1. Where are you currently working and what are you working on?
I’m now a lecturer [assistant professor] at the University of York in the UK, a position I took up in 2012 after a year as a postdoctoral researcher at the Institute of Historical Research at the University of London. My main project since leaving UBC has been my recently completed book, Inventing the Way of the Samurai: Nationalism, Internationalism, and Bushido in Modern Japan, which is due out from Oxford University Press this September. I’m now dividing my research time between two very different projects, one on early modern Japanese history that takes me back to my roots at UBC, and one on modern China that is proving very new and exciting to me so far.
2. How was the move to a new city and how are you adjusting to a new life?
I had many chances to travel for conferences and research during my time at UBC, including an extended stay in Japan, so I’m used to being on the move. After leaving Vancouver, I spent a year on a postdoctoral fellowship in London, which was a great experience, but I find York to be more my speed. Being back in Europe means I am close to friends and relatives, so the transition has been very smooth. One drawback is being so far from friends and former colleagues in Vancouver, and I greatly appreciated the chance to visit UBC again for a conference last year. I was amazed by all the new developments on campus, and it was great to see so many friendly and familiar faces around the Asian Centre and Library.
3. What is the most exciting experience you had while studying in UBC Asian Studies?
I don’t know if I could identify any single experience, but rather a succession of exciting smaller exchanges and experiences in my everyday life at UBC. The frequent events at the Asian Centre, as well as countless formal and spontaneous discussions with staff members and other students were definitely the highlights of my time there, and there were also personal moments of excitement when discovering a new source or approach relevant to my own research. Even after leaving UBC, I’m still thrilled to hear about the activities of former colleagues and classmates, as well as the progress of former students who I taught as undergraduates.
4. Did your time at UBC prepare you for your current job?
The Department of Asian Studies did a magnificent job preparing us PhD students for our future careers. From the moment I arrived at UBC, Professor Ross King was always available to answer the many questions I had regarding both teaching and research. Professor Sharalyn Orbaugh put together some fantastic seminars and materials for career development, and very kindly read through various cover letters and application materials. Most of all, my supervisors, Professor Nam-lin Hur and Professor Peter Nosco, have been extremely generous with their advice and support both during and after the PhD, and gave me invaluable guidance regarding the academic job search. The opportunity to work as a Teaching Assistant for several years, as well as to teach two courses in my last term at UBC, provided very useful practical experience. All in all, UBC provided excellent training for my subsequent positions, and gave me strong support when entering a highly competitive job market.

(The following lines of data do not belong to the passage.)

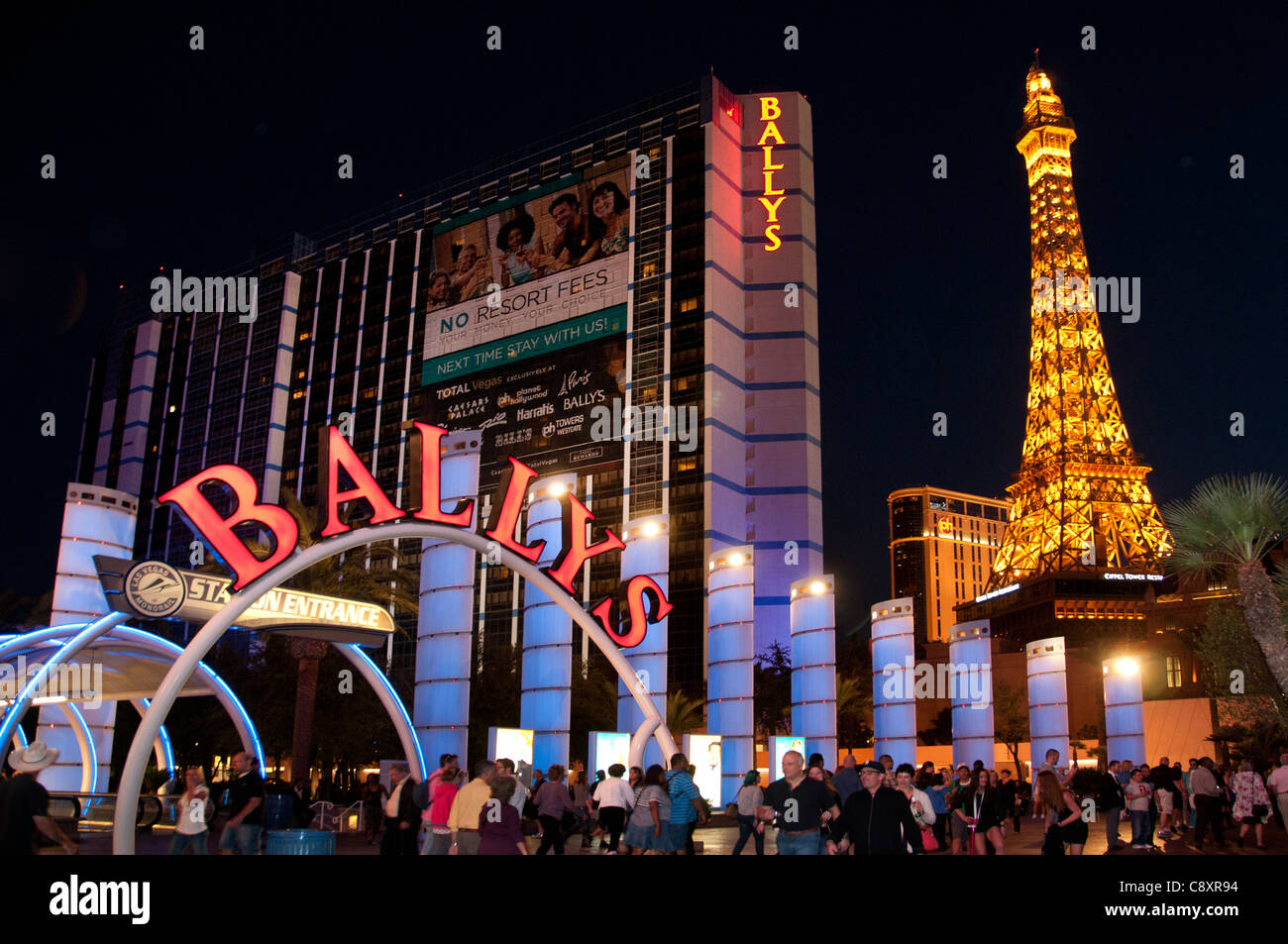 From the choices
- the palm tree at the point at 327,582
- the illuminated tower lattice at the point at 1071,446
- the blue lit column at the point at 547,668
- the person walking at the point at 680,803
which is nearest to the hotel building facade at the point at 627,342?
the illuminated tower lattice at the point at 1071,446

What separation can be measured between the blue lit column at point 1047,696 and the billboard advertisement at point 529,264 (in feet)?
217

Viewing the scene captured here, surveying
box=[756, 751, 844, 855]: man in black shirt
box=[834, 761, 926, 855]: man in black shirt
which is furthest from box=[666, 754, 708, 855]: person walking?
box=[834, 761, 926, 855]: man in black shirt

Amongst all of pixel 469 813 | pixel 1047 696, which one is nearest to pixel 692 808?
pixel 469 813

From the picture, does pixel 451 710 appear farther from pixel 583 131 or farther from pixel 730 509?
pixel 583 131

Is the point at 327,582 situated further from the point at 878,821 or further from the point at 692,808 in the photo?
the point at 878,821

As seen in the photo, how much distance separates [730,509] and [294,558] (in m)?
74.4

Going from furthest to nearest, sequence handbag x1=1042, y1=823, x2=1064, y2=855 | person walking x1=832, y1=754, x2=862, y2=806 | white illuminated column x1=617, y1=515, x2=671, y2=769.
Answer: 1. white illuminated column x1=617, y1=515, x2=671, y2=769
2. person walking x1=832, y1=754, x2=862, y2=806
3. handbag x1=1042, y1=823, x2=1064, y2=855

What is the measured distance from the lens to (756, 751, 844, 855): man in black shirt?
10680mm

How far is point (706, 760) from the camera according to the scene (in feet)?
98.2

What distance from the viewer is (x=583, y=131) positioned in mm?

5. Do you have any advice for students hoping to follow in your footsteps?
When I look back, I think one of the most valuable and unique things about UBC Asian Studies is the sense of community, and I would encourage anyone studying there to take full advantage of that by attending events in and around the department. These are a great way to meet faculty, staff, and students from areas beyond your own area of study. Many members of the UBC faculty are world leaders in their fields, and I was often surprised at the expertise we had so close by. Most of all, I would advise students to remember to have fun! Study and research often don’t go the way you plan or expect, and what I perceived as setbacks during my PhD were, in hindsight, actually beneficial experiences that led me to new opportunities I hadn’t considered. Being at UBC was a once-in-a-lifetime opportunity to engage fully in what interested me, and that is something I continue to appreciate.